====== Data extract
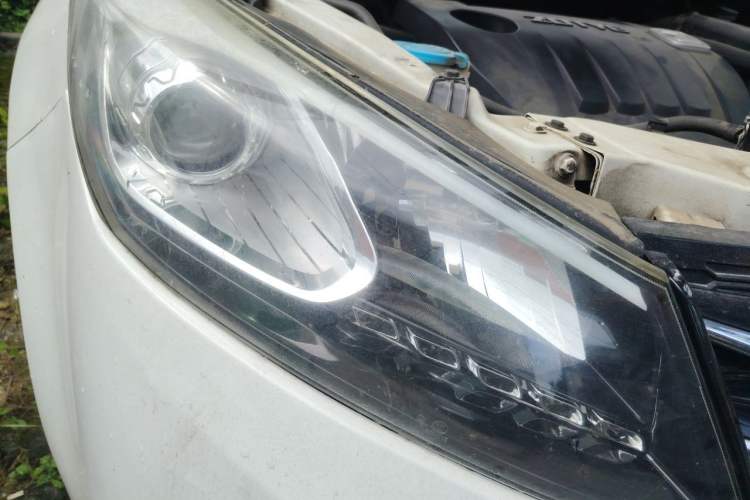 Used Zotye Z500 2016 1.5T CVT Luxury Model Right Front Headlight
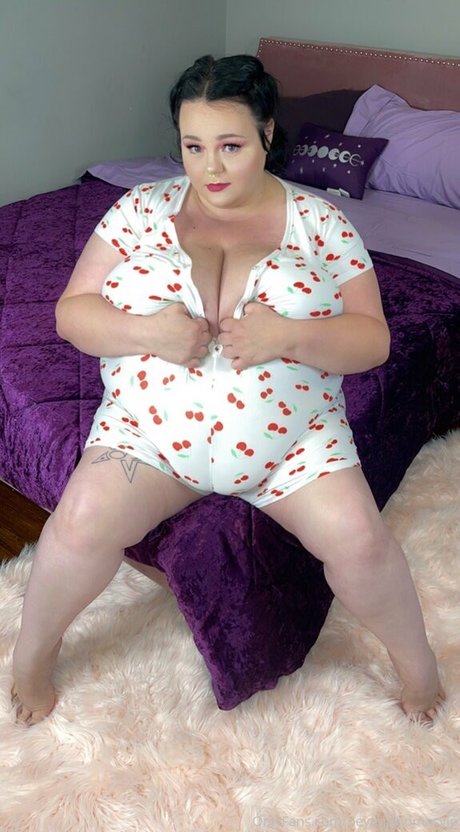 peytonthomasvip model high quality pic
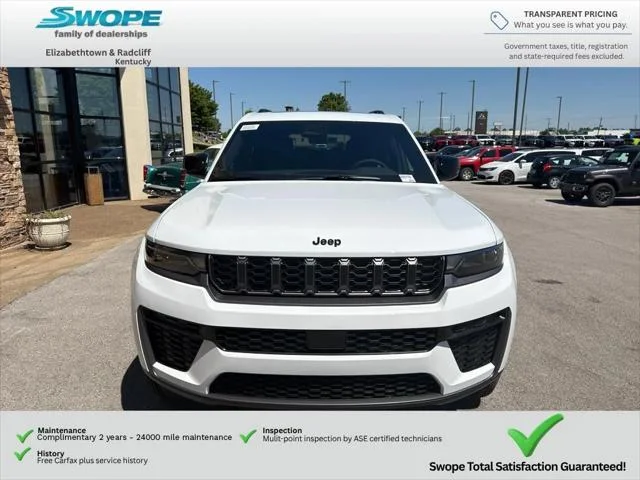 New 2026 Bright White Clear-Coat Exterior Paint Jeep Laredo image 8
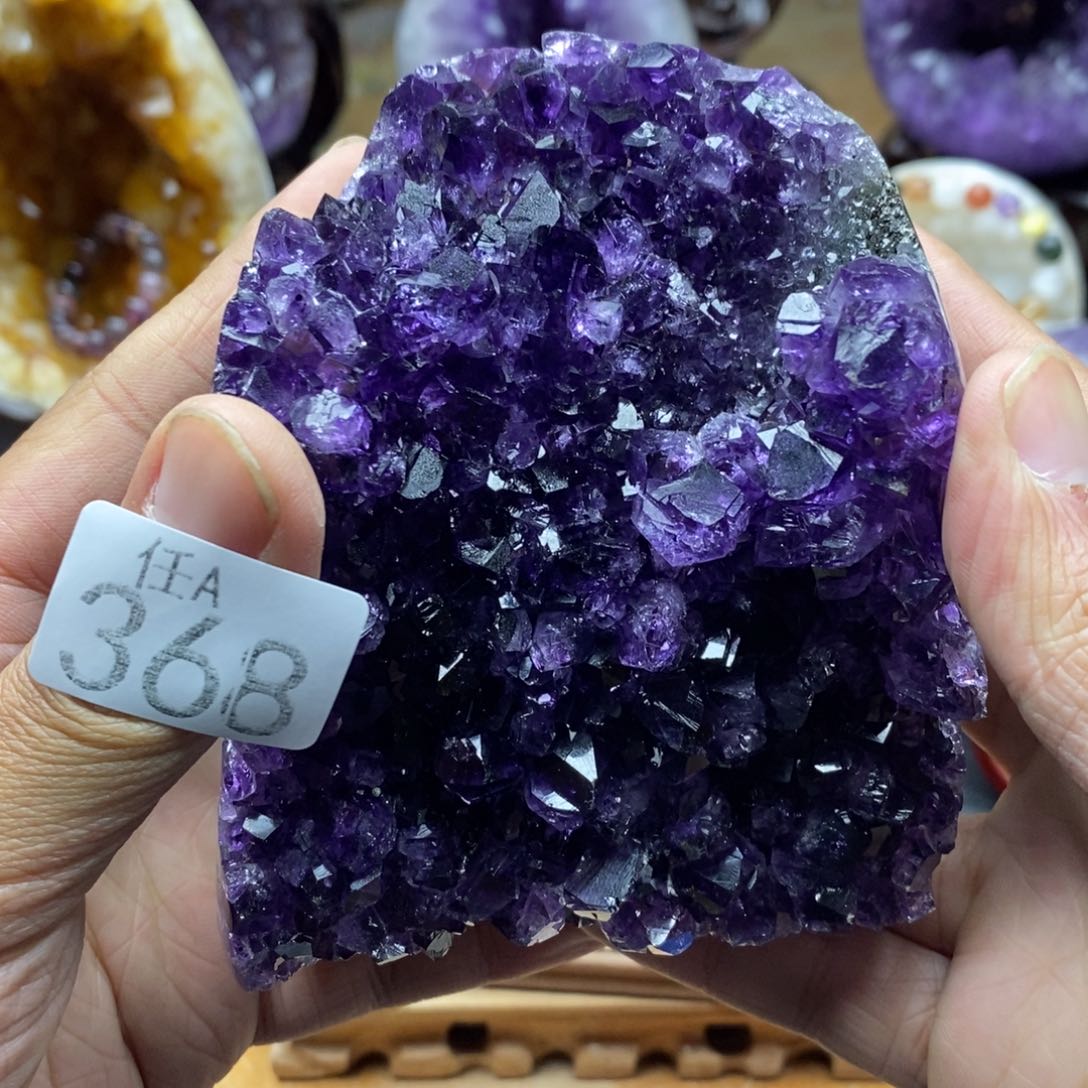 未镶嵌大型摆件（非配饰）水晶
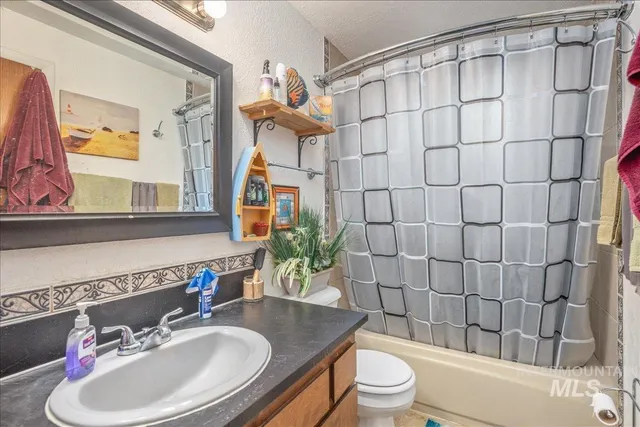 $599,990 | 4530 West Tabitha Street, Boise, ID 83706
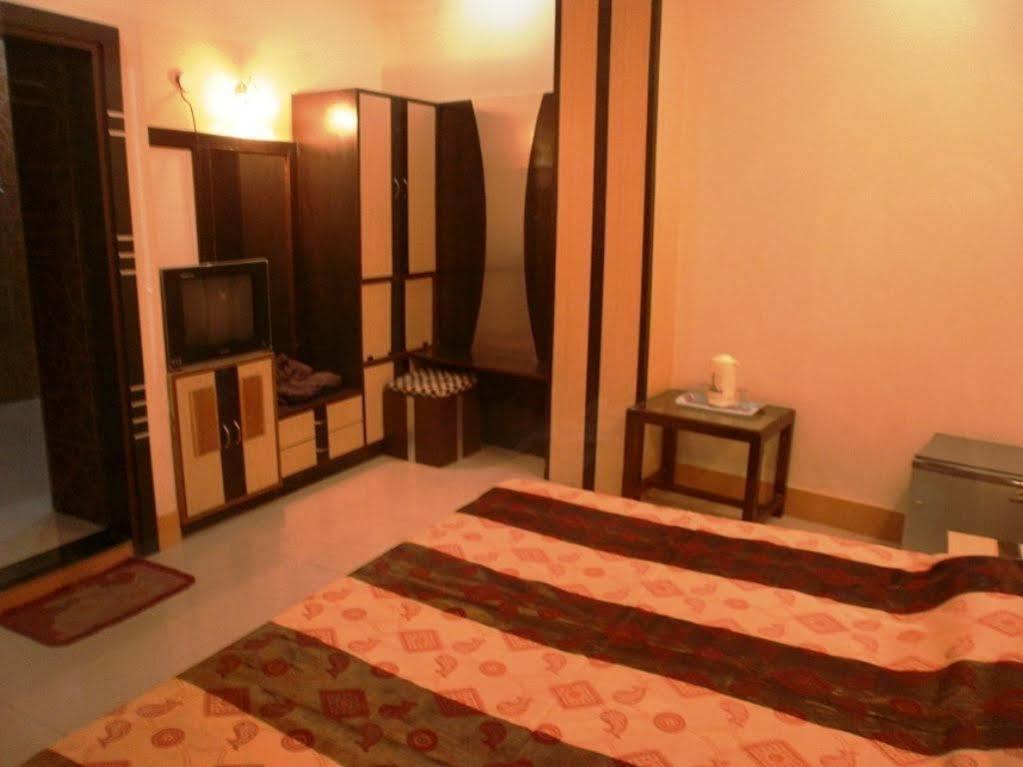 Sheel Gopal Vision Hotell Mathura Exteriör bild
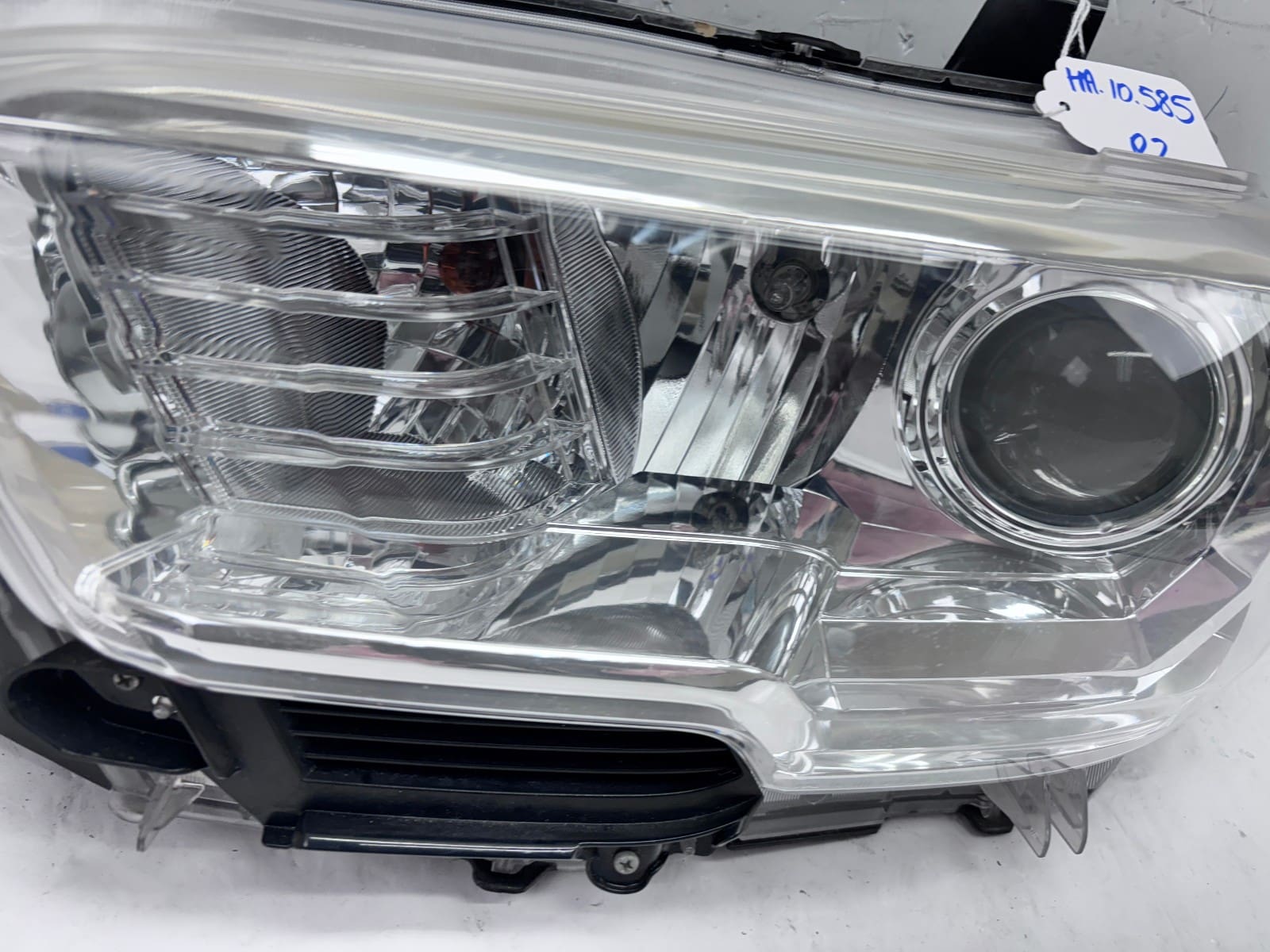 2016-22 Toyota Tacoma Halogen Front Left OEM Headlight 81150-04250 - Image 14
============
Work to complete:
Any picture in the material is to be left out, and everything else is to be retyped as is.

Result:
 Used Zotye Z500 2016 1.5T CVT Luxury Model Right Front Headlight
 peytonthomasvip model high quality pic
 New 2026 Bright White Clear-Coat Exterior Paint Jeep Laredo image 8
 未镶嵌大型摆件（非配饰）水晶
 $599,990 | 4530 West Tabitha Street, Boise, ID 83706
 Sheel Gopal Vision Hotell Mathura Exteriör bild
 2016-22 Toyota Tacoma Halogen Front Left OEM Headlight 81150-04250 - Image 14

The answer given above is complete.